AIM OF THE TASK >> Nothing but the lines from the one containing "MAGNET Team Universe Men's Hoodie - red" to the end of the data should be returned, each exactly as written.
___ MATERIAL FOR THIS EXERCISE
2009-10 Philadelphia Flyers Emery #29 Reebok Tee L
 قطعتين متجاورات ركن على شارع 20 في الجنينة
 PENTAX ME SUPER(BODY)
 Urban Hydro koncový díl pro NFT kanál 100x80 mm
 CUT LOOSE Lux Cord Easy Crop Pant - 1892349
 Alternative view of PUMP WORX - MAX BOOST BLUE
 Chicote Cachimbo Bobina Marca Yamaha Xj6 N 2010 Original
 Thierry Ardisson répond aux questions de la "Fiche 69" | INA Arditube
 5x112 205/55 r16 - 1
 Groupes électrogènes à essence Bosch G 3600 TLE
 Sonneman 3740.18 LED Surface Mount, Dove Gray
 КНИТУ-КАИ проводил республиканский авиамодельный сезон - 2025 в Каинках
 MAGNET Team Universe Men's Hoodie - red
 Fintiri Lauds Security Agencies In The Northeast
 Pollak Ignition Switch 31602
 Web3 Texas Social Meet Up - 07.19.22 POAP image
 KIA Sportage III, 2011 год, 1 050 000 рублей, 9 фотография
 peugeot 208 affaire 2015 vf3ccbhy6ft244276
______
FINISHED EXERCISE >>
 MAGNET Team Universe Men's Hoodie - red
 Fintiri Lauds Security Agencies In The Northeast
 Pollak Ignition Switch 31602
 Web3 Texas Social Meet Up - 07.19.22 POAP image
 KIA Sportage III, 2011 год, 1 050 000 рублей, 9 фотография
 peugeot 208 affaire 2015 vf3ccbhy6ft244276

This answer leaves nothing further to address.